I get what Eleanor is trying to say, to both of us. Kelsey losing her apartment because of my family sucked, it wasn’t right and should never have happened. But being with me means that inevitably she’d have moved out of it at some point, and perhaps we are both attaching too much guilt and sentimentality to her last home.
Doesn’t mean I’m going to go any easier on my parents when the time comes.
Chapter Eighteen
Kelsey
The weekend with my parents flies by far too quickly and by the time they leave, it’s easy to admit how much I’ve missed them and need them around.
They’ve promised to
visit again in a few weeks and to help out when Mason and I decide to move.
I didn’t realize that would come around as quickly as it has, but I can sense that Mason is itching to have more space for us and to ‘provide’ somewhere that we both can call home. And now that I have a decent job, I can contribute on my terms.

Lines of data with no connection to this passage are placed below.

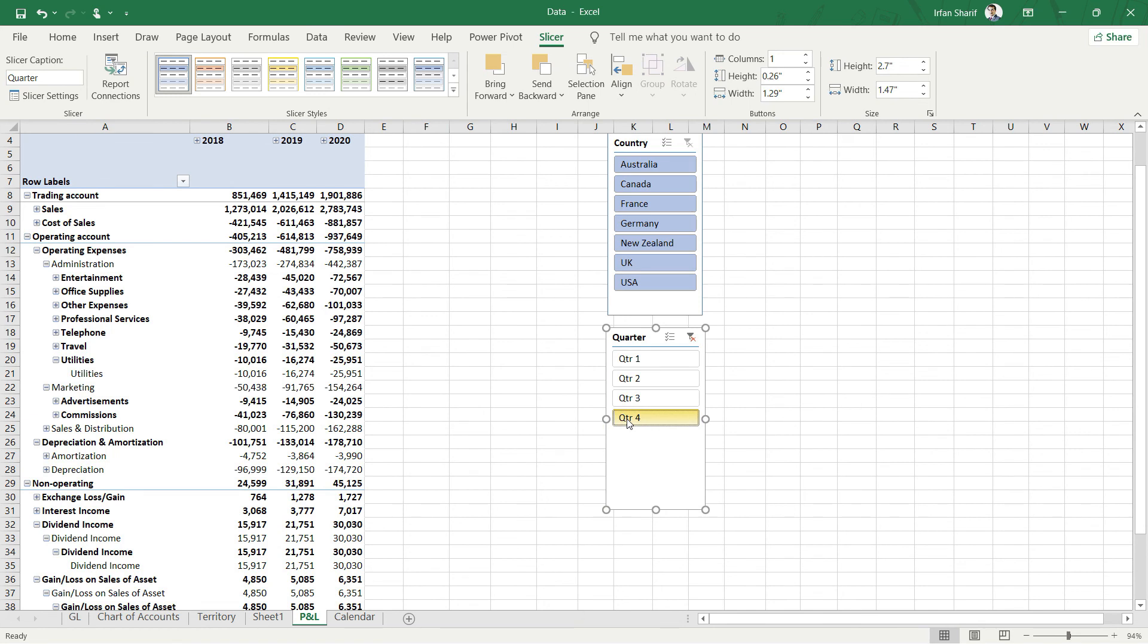One more thing I would like to mention is you can bring in more and more slicers here to enable more detailed comparison. To compare month-to-month, you will have to bring in a new slicer, and this way you can bring in more slicers to enable more detailed comparison.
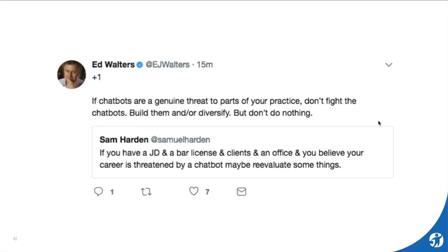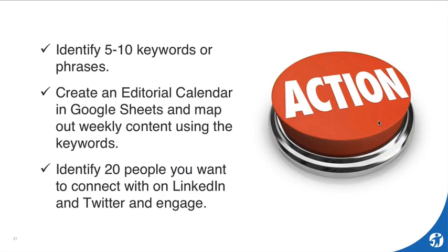Here's an example from Twitter. Ed Walters of Fastcase put out a post. Everyone's talking about robots coming for jobs — robot lawyering — but we should not feel threatened. If you have this minimal viable audience, you're able to test out new things. Maybe you need to build an application, or create a new practice area. You can put information out, get feedback, and create your product or service around it.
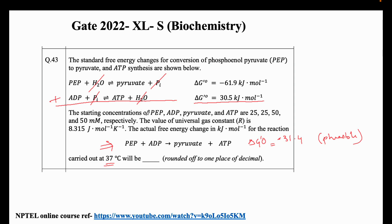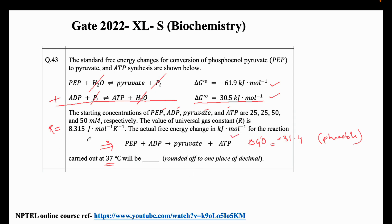They have given us starting concentrations: PEP is 25 mM, ADP is 25 mM, pyruvate is 50 mM, and ATP is 50 mM. The gas constant R is equal to 8.315 joule per mole per Kelvin. The question asks for the actual free energy change in kilojoule per mole. It is very important to check all the units — delta G is in kilojoule per mole, but R is given in joule per mole.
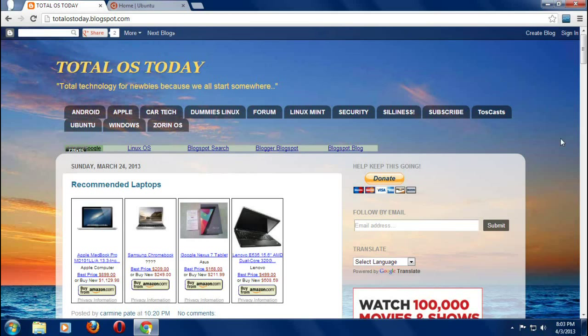All right, welcome back. If you haven't already, please take a look at the introduction to this Ubuntu for Dummies 2013. For this episode, we are going to take a look at some downloading options for all of you Linux newbies out there who want to try Ubuntu.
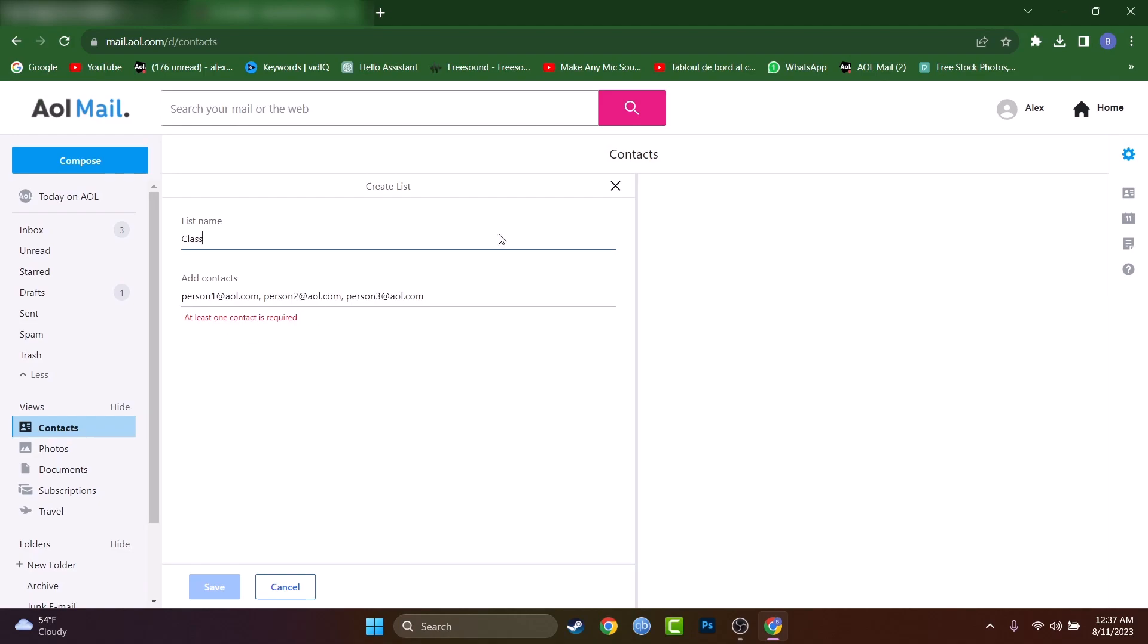So you will have to add the persons you want to add into the group to your contacts first. And only after that, you will be able to create this list, this distribution list or group, however you want to name it.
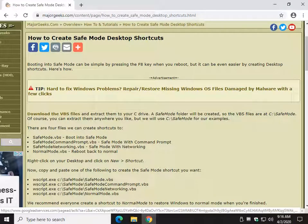Hey there Geeks, Tim with MajorGeeks.com. I was asked recently if we could explain how to create Safe Mode Desktop Shortcuts. Yes we can.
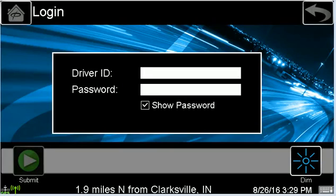Whenever you first get into a truck with PeopleNet, this is the screen you should see. Your driver ID and password are both the last six digits of your social security number.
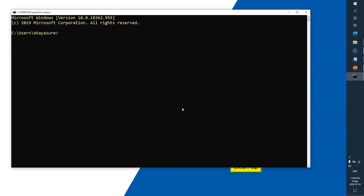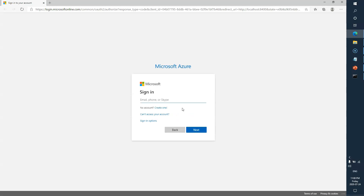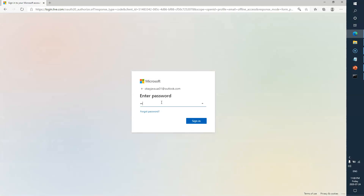Now let's open the command prompt. I'll type 'az login' — this is the command which will allow me to access my Azure cloud account. This is asking me to log into the Azure portal, so I'll put my ID and password that I've used to set up my account.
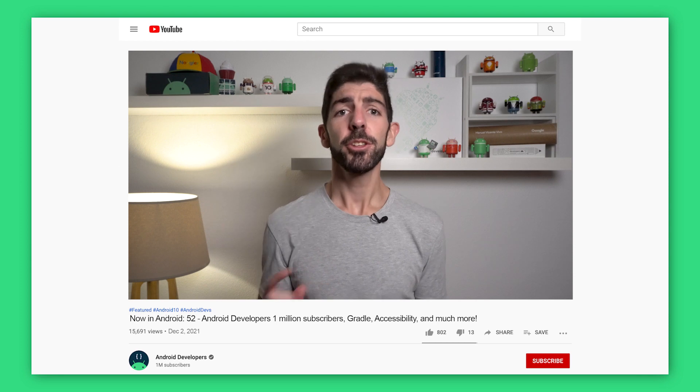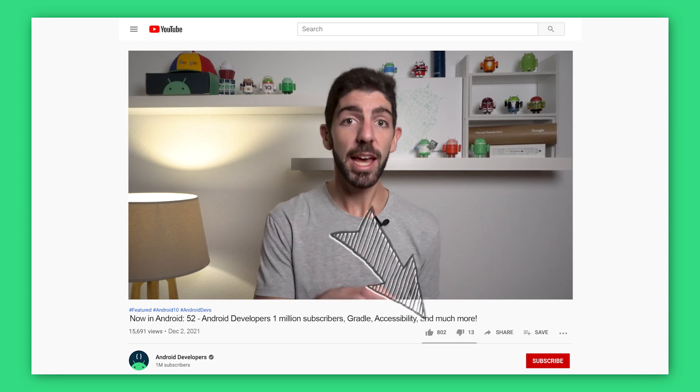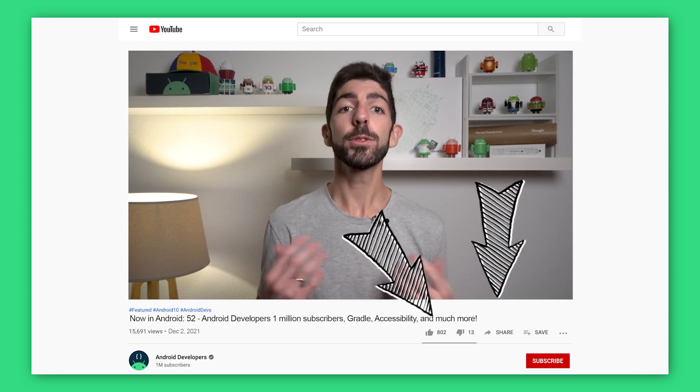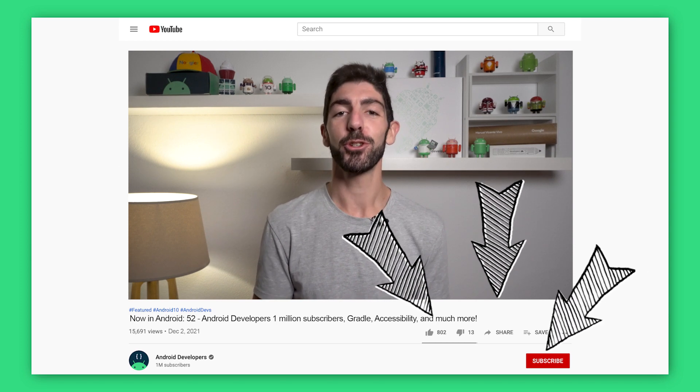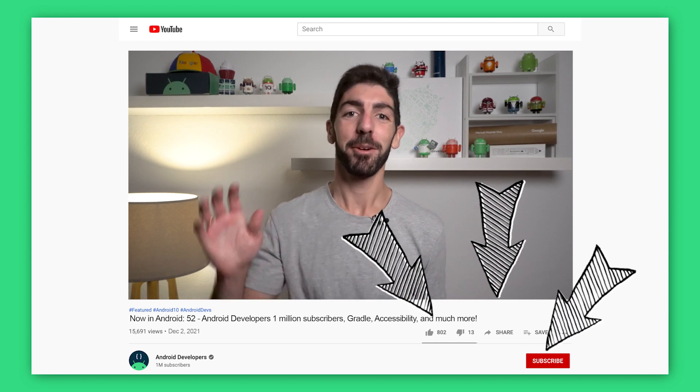And that's it for this time. You can find all the links to the content mentioned in the Now in Android episode 52 blog post on Medium. To get notified about future episodes, don't forget to like this video and subscribe to the Android Developers YouTube channel. Bye!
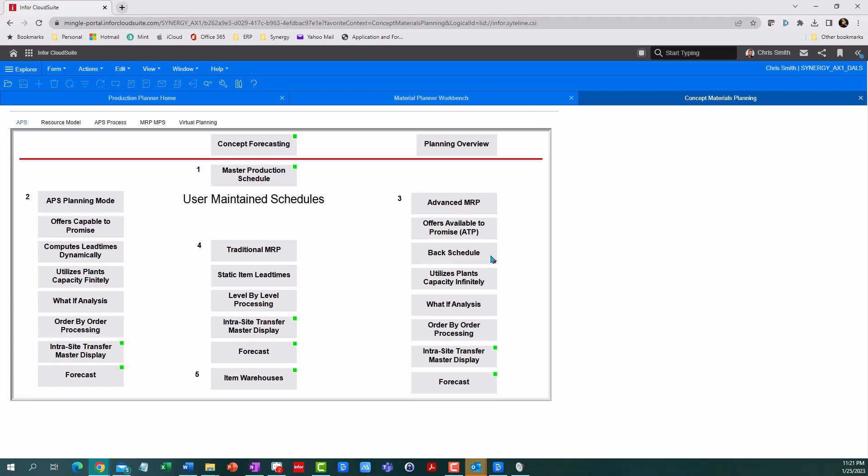But what winds up happening is you overbook your resources and wind up with 15 eight-hour jobs piled up on the same resource because they all have the same due date. It assumes you have infinite capacity, and then it's on you to pick which jobs you want to prioritize. That's a lot of work.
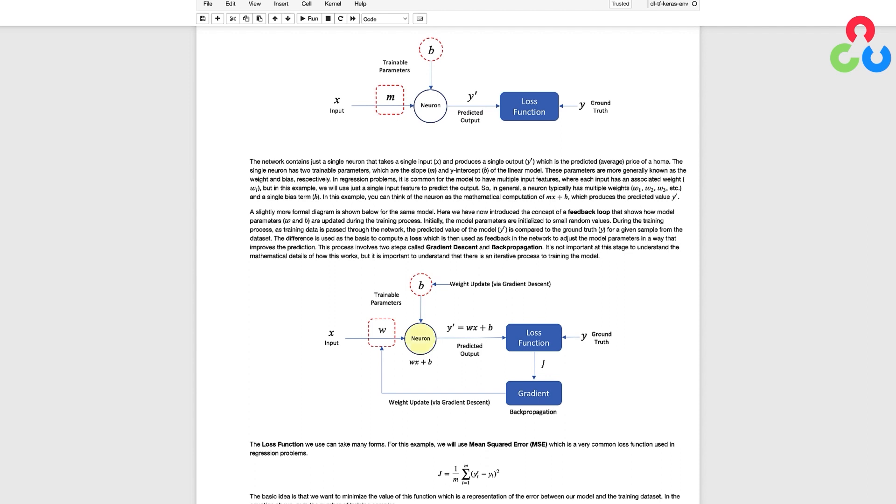The neuron itself is a simple computation unit known as a perceptron that computes the quantity wx plus b and typically passes that value through what's known as an activation function to produce the output of the neuron.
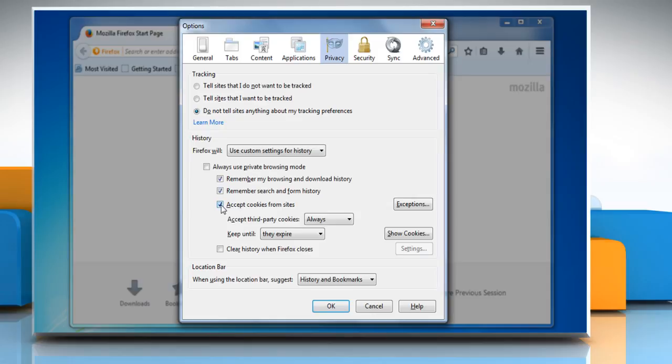Make sure that the check box next to accept cookies from sites is selected. Click OK to save the changes.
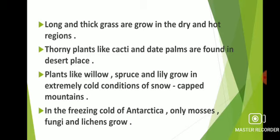Thorny plants like cacti and date palms are found in desert places. Plants like willow, spruce and lily grow in extremely cold conditions of snow-capped mountains. In the freezing cold of Antarctica, only mosses, fungi and lichens grow. Dry and thick grasses grow in hot and dry places. The areas which receive less rainfall and have plenty of sunlight are suitable for the growth of cacti and date palms. Pine, fir, willow, lily and spruce grow very well on mountains covered by a thick layer of snow in winter. In the Antarctic region, where the temperature is always below freezing point, only mosses, fungi and lichens are grown.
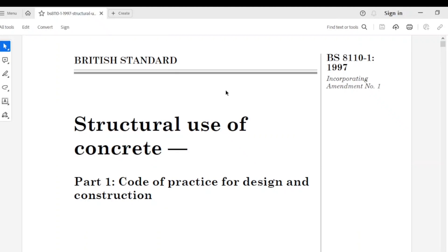Hello and welcome to Lightbearers. Today we will continue from where we stopped in our last class. In our last class we stopped at the design load, which is 10.24 kilonewton per meter squared. Today we will find the moment coefficient for the slab.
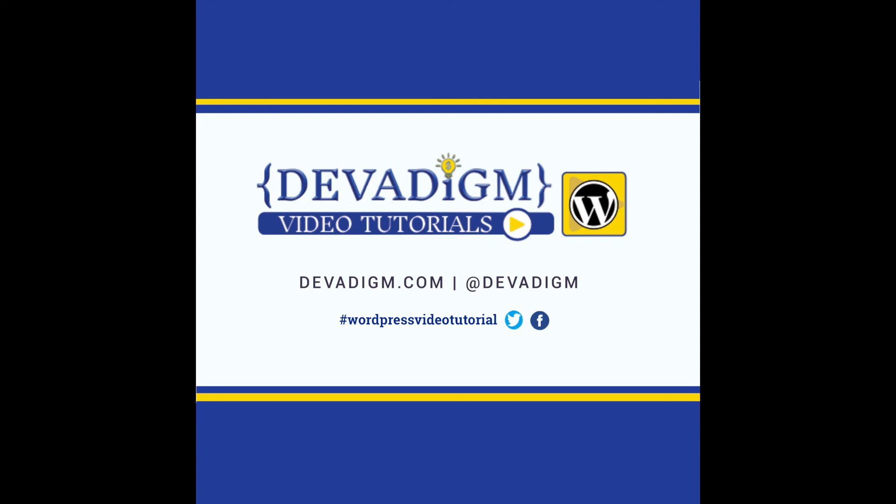I hope you found this video helpful. You can find more videos and articles on our website, devadigm.com. And feel free to join us on social media. You can find at devadigm on Facebook and Twitter. Also, if you did find this video helpful, I would love for you to let me know on Twitter. Just tweet me your feedback with the hashtag WordPress video tutorial.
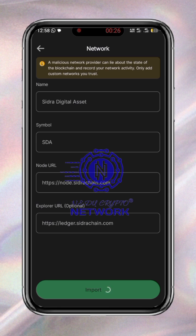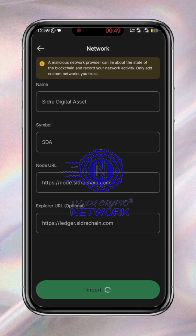There seems to be a network issue, that's why it's slow. I'm not sure why it's loading so slowly.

Several times I’ve caught Mason scrolling through property websites, building a shortlist of places that he wants to view.
I’m not going to complain; the places I’ve managed to glimpse over his shoulder look very nice indeed, and if moving again is on the cards, it just means my parents will be back sooner and it’s no secret I’m happy about that.
Initially, I had some concerns about them meeting Mason in the boyfriend capacity but I’m pretty sure my mom has married me off to him already. It didn’t take us long to find a comfortable groove and my parents seem to like him.
It also wasn’t as hard as I thought to feel the missing connection between me and my parents. I think I just spent so long telling myself that I didn’t need them around as a way to cope with their absence, that I eventually started to believe the lie.
I do need them around and more than that, I want them around. And it only took a short while to remind me of that.
My phone rings loudly and vibrates on the kitchen counter as Mason and I prepare dinner. I’m tempted to let it go to voicemail as it’s been a long and tiring day at work for both of us and I just want to crash on the sofa with him and relax, but a glance at the screen shows me Lucy’s face and I haven’t spoken to her since last week. I’ve sent a few messages, so she knows that everything went well with my parents, but we haven’t spoken.
I grab the phone and swipe to answer before my voicemail kicks in.